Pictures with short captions

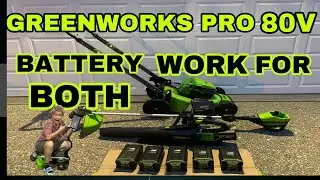 GREENWORKS PRO 80V BATTERY-WORK FOR BOTH LAWN MOWER & TRIMMER : REVIEW BATTERY #ReviewBattery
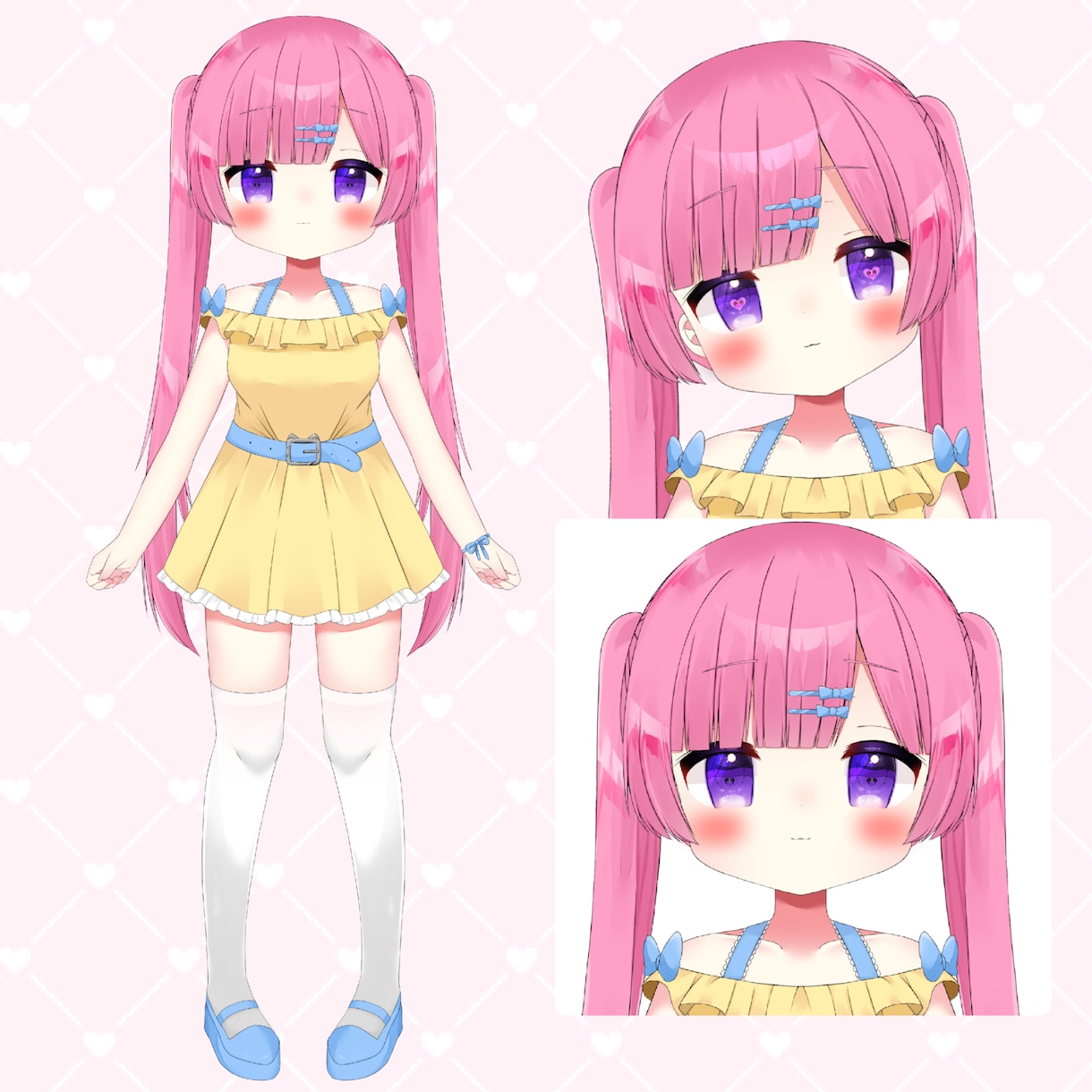 Live2d用イラストを作成いたします ちょっとした表情差分もついてきます！ イメージ1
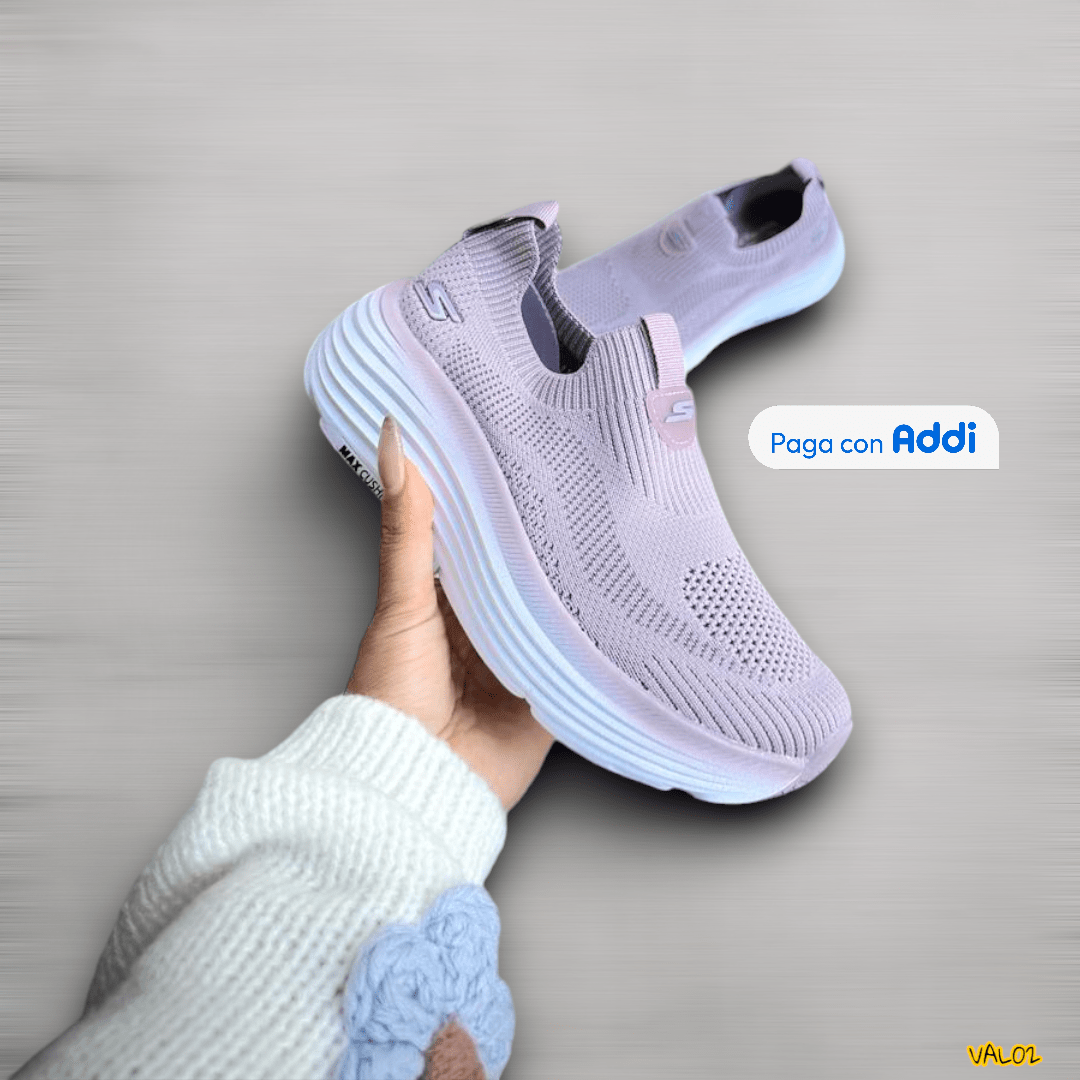 Tenis Skechers Tubular blanco rosa combinación clásica deportiva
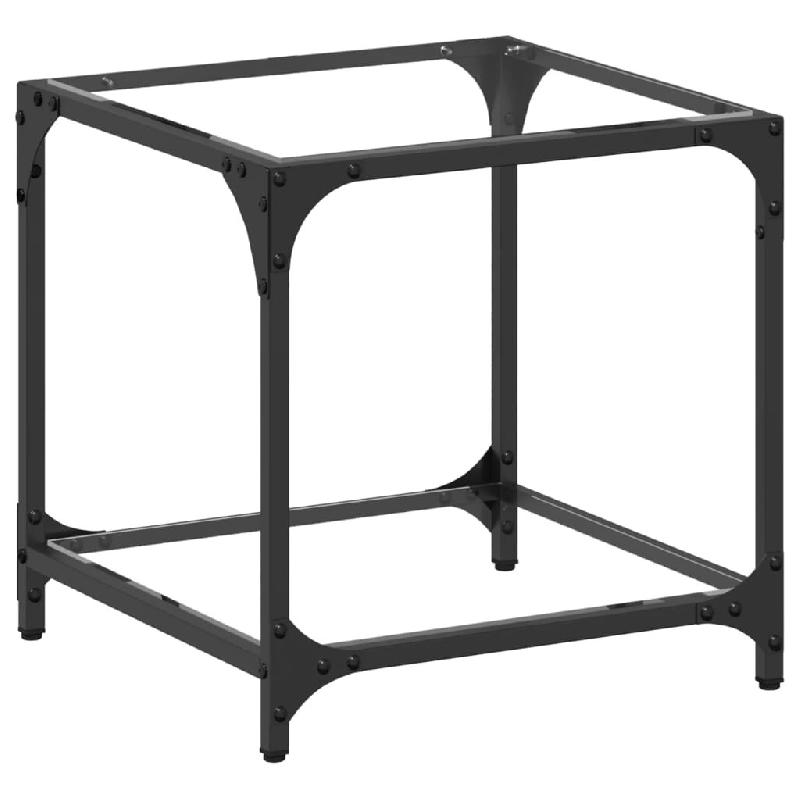 VidaXL Table basse avec dessus en verre transparent 40x40x40 cm acier Modèle Riviera Dining Horizon - 845962_0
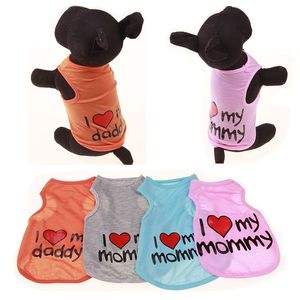 Wholesale teddy colors for sale - Group buy Pet dog vest colors small and medium dog fashion Teddy poodle clothes personality creative pet cat dog vest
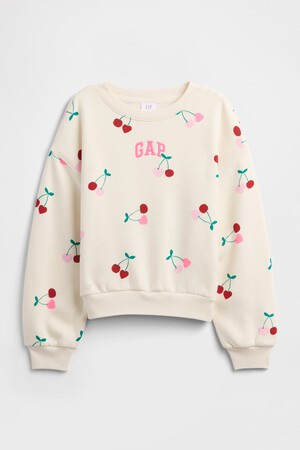 Kids Oversized Gap Graphic Sweatshirt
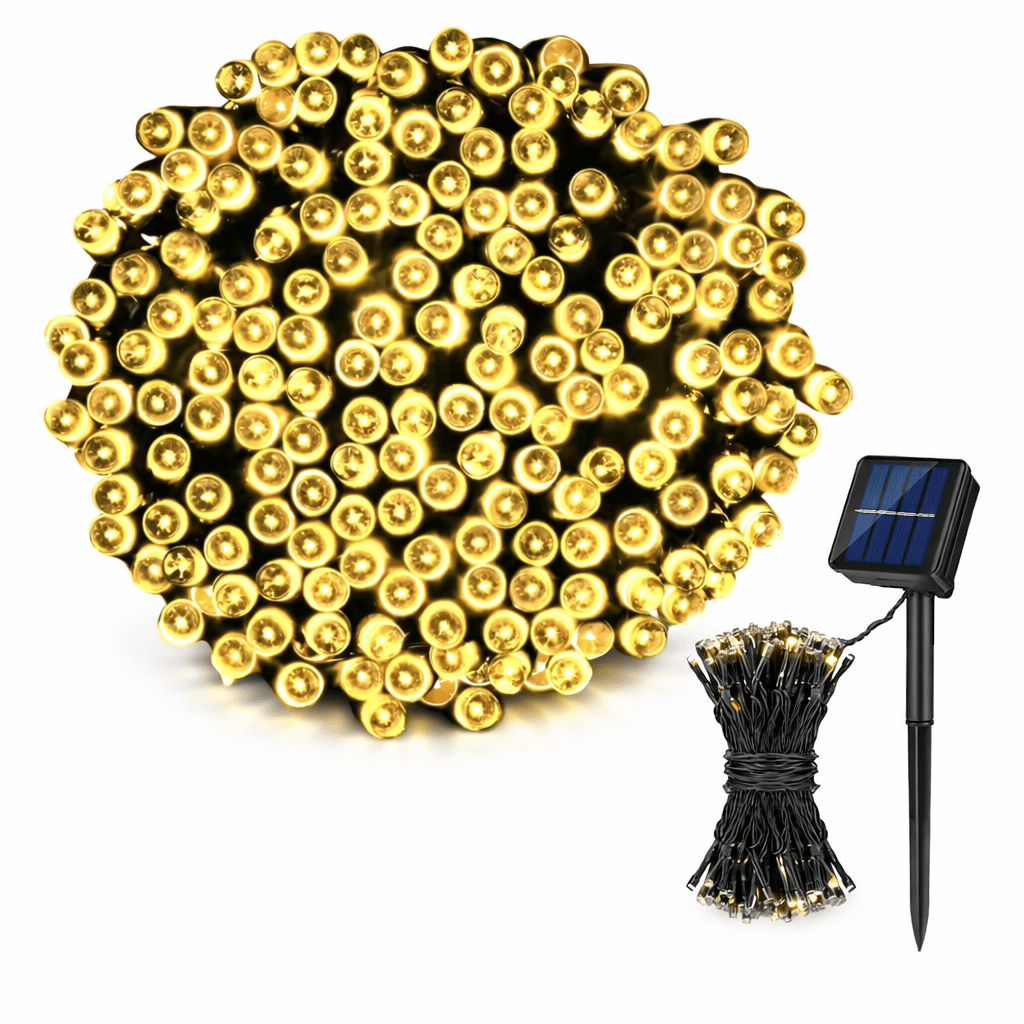 Solar Fairy Lights – Waterproof Outdoor LED String Lights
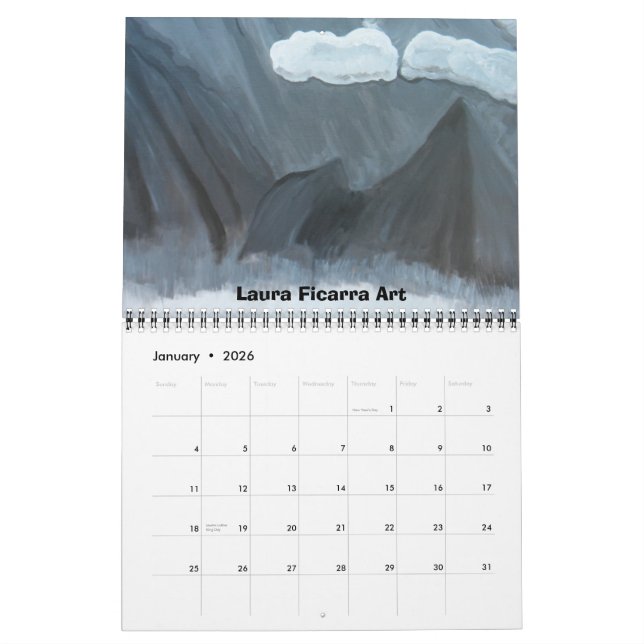 Calendário Coleção de Água (Jan 2026)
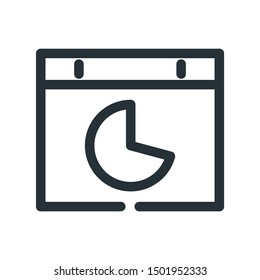 Layout,  statistic, diagram page icon vector. flat icon illustration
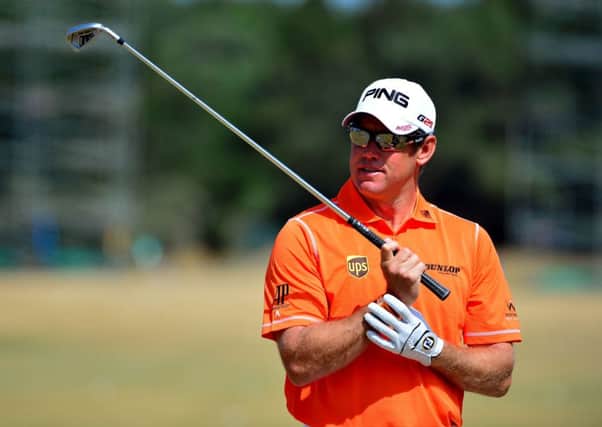 Lee Westwood was happy enough with his first round at The Open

▸ **Assigned task**
Write out, word for word, the stretch of entries that begins at the line with "Live2d用イラストを作成いたします ちょっとした表情差分もついてきます！ イメージ1" and ends at the line with "flat icon illustration". Pictures do not belong in it.

▸ **Reply**
 Live2d用イラストを作成いたします ちょっとした表情差分もついてきます！ イメージ1
 Tenis Skechers Tubular blanco rosa combinación clásica deportiva
 VidaXL Table basse avec dessus en verre transparent 40x40x40 cm acier Modèle Riviera Dining Horizon - 845962_0
 Wholesale teddy colors for sale - Group buy Pet dog vest colors small and medium dog fashion Teddy poodle clothes personality creative pet cat dog vest
 Kids Oversized Gap Graphic Sweatshirt
 Solar Fairy Lights – Waterproof Outdoor LED String Lights
 Calendário Coleção de Água (Jan 2026)
 Layout,  statistic, diagram page icon vector. flat icon illustration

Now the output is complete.